The settlement of Iceland began in 874 AD when the Norwegian chieftain, Ingólfr Arnarson, became the first permanent settler on the island. In the following centuries, Norwegians, and to a lesser extent other Scandinavians, emigrated to Iceland, bringing with them thralls (slaves or serfs) of Gaelic origin.
Today was a very full day as we made an eight hour trek around the Golden Circle in a motor coach.
Our first stop at Thingvellir National Park (2), a UNESCO World Heritage Site. This flag marks the location where the 52 chieftains gathered for their first parliamentary proceedings in the summer of 930, which is the official founding of the nation of Iceland.
The continental drift between the North American and Eurasian Plates can be clearly seen in the cracks or faults which traverse the region. This area is part of the North American plate. As we moved east, we were on the Eurasian plate.
This boulder precariously sits at the top of the ridge. Folklore says if that boulder falls, so does Iceland.
Below is one of the beautiful waterfalls in the park.
Strokkur (3) is a very dependable geyser that erupts every 5 to 10 minutes. There are also more than 40 other smaller hot springs, mud pots and fumaroles nearby.
The Icelandic horse was developed from ponies taken to Iceland by Norse settlers in the 9th and 10th centuries. The Fjord, Exmoor, Scottish Highland, Shetland and Connemara breeds have all been found to be genetically linked to the Icelandic horse; however the breed has now been bred pure in Iceland for more than 1,000 years.
Below is one of the many glaciers that can be found in Iceland.
Gullfoss Waterfalls (4) drops 96 feet into two falls. The haze in the picture is the spray from the falls.
Iceland also has its share of craters. Kerid (5) is a beautiful volcanic crater lake.

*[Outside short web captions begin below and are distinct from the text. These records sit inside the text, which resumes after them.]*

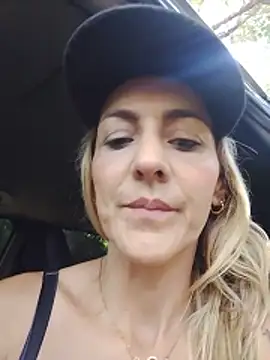 Monita Med online show from May 31, 1:40 pm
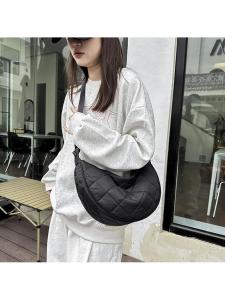 กระเป๋าสะพายข้างผ้าไนลอนความจุขนาดใหญ่สำหรับผู้หญิง กระเป๋าสะพายข้างแบบสะพายข้าง กระเป๋าทรงหม้อหมู กระเป๋าสะพายข้างแฟชั่นฤดูใบไม้ร่วง/ฤดูหนาว 2025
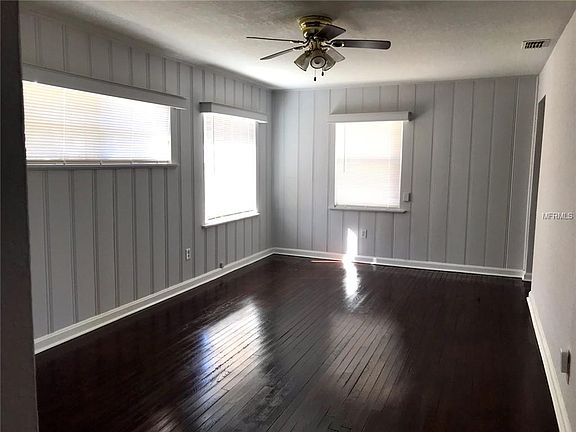 2nd image of 2800 Avenue M NW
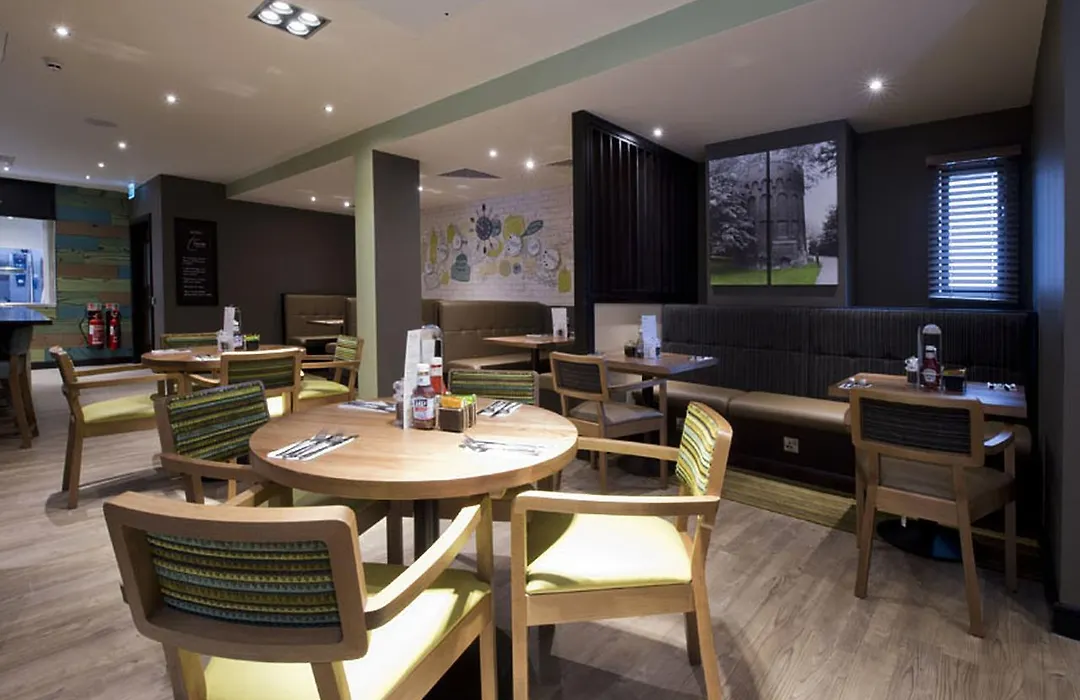 Premier Inn London Tottenham Hale-1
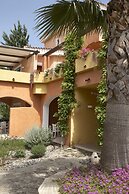 Agave Apartments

All along our drive, we could see steam from all the geothermal activity, much of which is harnessed to produce electricity.
Lupine was imported from North America in 1945 to combat topsoil loss, which had been a serious problem since the 19th century. Unfortunately, the plant can both prevent other plants from growing and suffocate more delicate flora. Many feel that the lupine has become too aggressive and needs to be stopped,especially to protect the distinctive woolly moss which covers the lava. It sure is beautiful though.
Although it was very overcast most of the day today, we were very lucky to stay dry for all our our sightseeing. Tomorrow, we explore the Blue Lagoon and tour the city of Reykjavik followed by packing for home.